## Problem description
In the records below, find the line containing "envurz's tweet photo." and the line containing "Studio Lwowska 1 by Renters"; please repeat exactly the lines from one to the other, both included, and nothing more.
*** Opening Material provided ***
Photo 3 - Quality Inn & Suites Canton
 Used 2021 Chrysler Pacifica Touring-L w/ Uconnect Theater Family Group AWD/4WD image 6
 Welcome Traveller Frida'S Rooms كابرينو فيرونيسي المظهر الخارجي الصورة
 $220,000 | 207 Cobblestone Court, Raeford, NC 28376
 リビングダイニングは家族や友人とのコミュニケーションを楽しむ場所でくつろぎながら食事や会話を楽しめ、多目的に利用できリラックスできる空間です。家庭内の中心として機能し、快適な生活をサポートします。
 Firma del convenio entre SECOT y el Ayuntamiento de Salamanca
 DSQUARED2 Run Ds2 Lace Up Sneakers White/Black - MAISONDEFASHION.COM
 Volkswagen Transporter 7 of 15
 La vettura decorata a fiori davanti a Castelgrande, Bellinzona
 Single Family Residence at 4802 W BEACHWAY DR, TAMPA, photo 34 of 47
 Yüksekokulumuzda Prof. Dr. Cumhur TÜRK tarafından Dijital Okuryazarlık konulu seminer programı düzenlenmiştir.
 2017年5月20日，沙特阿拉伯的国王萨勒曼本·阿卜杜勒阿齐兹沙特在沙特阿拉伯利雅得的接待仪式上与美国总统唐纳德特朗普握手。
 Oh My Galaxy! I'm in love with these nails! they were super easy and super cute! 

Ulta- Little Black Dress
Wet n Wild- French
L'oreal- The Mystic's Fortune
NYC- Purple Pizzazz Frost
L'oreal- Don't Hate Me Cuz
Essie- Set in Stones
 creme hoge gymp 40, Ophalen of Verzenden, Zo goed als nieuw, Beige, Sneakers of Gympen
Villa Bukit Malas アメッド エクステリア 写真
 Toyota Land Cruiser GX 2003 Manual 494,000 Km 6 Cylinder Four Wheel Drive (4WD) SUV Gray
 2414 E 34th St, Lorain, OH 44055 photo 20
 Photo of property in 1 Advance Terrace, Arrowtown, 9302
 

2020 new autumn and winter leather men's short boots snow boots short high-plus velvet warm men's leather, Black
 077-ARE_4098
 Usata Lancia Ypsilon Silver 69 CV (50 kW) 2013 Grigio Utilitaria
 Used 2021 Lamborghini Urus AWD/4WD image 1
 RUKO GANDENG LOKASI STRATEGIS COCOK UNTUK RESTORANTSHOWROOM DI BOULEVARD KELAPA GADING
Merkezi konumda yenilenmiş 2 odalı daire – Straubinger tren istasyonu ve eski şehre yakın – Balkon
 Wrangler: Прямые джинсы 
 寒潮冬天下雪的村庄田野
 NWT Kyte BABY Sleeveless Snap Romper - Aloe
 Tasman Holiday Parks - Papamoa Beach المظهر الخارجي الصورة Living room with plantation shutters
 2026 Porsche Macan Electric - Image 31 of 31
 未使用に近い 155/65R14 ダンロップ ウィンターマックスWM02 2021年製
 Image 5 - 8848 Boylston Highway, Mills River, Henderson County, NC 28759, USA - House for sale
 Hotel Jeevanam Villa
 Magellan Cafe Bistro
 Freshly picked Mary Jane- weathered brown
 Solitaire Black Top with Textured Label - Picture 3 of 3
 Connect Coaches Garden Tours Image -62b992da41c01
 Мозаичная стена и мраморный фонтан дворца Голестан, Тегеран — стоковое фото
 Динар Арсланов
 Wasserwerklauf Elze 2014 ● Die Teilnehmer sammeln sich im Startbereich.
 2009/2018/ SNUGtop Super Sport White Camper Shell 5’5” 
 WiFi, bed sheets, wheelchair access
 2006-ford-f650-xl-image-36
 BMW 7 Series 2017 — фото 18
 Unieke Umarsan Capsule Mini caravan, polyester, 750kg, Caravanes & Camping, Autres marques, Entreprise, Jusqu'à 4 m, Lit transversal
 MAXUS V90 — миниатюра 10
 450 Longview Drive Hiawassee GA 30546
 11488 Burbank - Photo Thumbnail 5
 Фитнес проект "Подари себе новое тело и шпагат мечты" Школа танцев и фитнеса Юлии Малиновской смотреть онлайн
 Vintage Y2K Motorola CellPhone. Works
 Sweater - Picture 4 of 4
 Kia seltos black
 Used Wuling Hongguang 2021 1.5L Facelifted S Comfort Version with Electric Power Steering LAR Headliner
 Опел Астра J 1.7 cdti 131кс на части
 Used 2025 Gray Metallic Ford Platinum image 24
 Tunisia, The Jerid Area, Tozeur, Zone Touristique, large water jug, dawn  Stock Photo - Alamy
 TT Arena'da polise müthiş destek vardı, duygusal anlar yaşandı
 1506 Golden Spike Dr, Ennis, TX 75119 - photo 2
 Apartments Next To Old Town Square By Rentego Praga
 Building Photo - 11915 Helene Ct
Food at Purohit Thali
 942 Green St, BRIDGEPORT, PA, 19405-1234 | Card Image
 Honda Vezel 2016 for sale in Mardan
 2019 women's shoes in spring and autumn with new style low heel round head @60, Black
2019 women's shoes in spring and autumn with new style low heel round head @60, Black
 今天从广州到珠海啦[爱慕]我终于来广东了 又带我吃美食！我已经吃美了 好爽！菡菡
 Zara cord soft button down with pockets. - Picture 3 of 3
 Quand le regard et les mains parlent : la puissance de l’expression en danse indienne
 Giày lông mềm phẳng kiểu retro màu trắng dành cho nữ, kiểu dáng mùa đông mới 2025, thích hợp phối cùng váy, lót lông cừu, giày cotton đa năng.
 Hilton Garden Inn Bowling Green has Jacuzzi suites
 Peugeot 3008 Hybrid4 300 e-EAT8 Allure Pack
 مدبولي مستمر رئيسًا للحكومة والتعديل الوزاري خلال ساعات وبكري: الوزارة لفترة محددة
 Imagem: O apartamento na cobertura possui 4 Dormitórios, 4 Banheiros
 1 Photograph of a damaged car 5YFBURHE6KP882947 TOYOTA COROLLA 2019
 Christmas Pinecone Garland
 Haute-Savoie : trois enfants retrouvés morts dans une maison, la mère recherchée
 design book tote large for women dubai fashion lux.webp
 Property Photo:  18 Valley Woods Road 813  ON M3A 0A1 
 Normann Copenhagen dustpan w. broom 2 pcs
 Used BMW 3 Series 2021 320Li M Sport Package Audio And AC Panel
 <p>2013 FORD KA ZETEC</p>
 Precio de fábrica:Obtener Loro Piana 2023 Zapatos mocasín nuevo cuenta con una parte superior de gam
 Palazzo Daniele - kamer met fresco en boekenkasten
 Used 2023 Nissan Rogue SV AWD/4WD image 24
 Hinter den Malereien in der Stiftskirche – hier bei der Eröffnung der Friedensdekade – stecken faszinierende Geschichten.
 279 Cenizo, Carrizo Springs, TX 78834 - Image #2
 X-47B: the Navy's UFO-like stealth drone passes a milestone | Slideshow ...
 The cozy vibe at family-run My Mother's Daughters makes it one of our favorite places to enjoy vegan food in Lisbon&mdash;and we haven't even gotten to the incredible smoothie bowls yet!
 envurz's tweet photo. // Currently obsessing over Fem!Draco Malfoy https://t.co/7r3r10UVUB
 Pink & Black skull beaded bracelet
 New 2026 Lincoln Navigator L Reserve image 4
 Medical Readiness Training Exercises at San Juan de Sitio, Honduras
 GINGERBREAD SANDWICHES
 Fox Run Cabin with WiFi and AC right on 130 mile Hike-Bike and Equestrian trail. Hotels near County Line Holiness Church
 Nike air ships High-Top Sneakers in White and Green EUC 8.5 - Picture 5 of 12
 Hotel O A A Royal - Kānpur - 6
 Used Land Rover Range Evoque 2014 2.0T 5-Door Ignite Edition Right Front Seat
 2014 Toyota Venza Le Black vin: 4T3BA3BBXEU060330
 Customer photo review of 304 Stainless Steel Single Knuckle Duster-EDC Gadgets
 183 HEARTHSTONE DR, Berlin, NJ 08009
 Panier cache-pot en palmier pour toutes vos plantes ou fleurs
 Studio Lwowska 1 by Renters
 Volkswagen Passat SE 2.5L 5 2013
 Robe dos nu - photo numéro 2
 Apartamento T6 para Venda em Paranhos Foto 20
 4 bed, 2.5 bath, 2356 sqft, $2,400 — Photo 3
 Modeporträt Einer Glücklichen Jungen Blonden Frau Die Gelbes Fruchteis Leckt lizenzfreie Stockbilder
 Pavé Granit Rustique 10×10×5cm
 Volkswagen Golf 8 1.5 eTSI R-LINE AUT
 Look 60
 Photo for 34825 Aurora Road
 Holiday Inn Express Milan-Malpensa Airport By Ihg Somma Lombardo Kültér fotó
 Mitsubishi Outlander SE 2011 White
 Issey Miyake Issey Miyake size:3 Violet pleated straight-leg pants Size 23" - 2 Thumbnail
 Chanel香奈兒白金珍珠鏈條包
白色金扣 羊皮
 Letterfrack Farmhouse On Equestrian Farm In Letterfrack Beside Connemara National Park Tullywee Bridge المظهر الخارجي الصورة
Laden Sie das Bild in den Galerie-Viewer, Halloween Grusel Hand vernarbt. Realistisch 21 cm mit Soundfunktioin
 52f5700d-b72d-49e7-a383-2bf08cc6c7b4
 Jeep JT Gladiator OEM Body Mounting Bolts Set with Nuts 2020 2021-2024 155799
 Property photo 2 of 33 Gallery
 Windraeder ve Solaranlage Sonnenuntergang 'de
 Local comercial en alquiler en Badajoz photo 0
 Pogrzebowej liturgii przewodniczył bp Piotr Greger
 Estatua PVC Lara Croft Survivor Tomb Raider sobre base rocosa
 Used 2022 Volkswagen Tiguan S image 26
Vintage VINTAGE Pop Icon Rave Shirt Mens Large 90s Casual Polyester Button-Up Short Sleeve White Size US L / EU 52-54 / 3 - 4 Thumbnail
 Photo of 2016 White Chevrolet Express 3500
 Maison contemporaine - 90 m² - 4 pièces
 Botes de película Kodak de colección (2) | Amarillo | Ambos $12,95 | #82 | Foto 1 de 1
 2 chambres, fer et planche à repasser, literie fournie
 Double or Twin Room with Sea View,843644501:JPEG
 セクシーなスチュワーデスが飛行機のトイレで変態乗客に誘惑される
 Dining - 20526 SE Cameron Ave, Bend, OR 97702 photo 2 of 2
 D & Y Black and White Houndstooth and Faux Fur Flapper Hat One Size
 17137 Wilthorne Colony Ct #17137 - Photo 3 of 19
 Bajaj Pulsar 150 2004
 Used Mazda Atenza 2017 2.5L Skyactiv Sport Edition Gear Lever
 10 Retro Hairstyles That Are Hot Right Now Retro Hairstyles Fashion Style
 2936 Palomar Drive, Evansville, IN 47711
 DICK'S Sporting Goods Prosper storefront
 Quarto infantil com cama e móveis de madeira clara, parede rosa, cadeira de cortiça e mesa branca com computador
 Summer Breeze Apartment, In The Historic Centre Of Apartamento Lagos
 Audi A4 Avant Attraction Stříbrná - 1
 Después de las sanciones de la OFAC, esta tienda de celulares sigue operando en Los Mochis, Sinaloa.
*** Closing Material provided ***
## Response to the exercise
 envurz's tweet photo. // Currently obsessing over Fem!Draco Malfoy https://t.co/7r3r10UVUB
 Pink & Black skull beaded bracelet
 New 2026 Lincoln Navigator L Reserve image 4
 Medical Readiness Training Exercises at San Juan de Sitio, Honduras
 GINGERBREAD SANDWICHES
 Fox Run Cabin with WiFi and AC right on 130 mile Hike-Bike and Equestrian trail. Hotels near County Line Holiness Church
 Nike air ships High-Top Sneakers in White and Green EUC 8.5 - Picture 5 of 12
 Hotel O A A Royal - Kānpur - 6
 Used Land Rover Range Evoque 2014 2.0T 5-Door Ignite Edition Right Front Seat
 2014 Toyota Venza Le Black vin: 4T3BA3BBXEU060330
 Customer photo review of 304 Stainless Steel Single Knuckle Duster-EDC Gadgets
 183 HEARTHSTONE DR, Berlin, NJ 08009
 Panier cache-pot en palmier pour toutes vos plantes ou fleurs
 Studio Lwowska 1 by Renters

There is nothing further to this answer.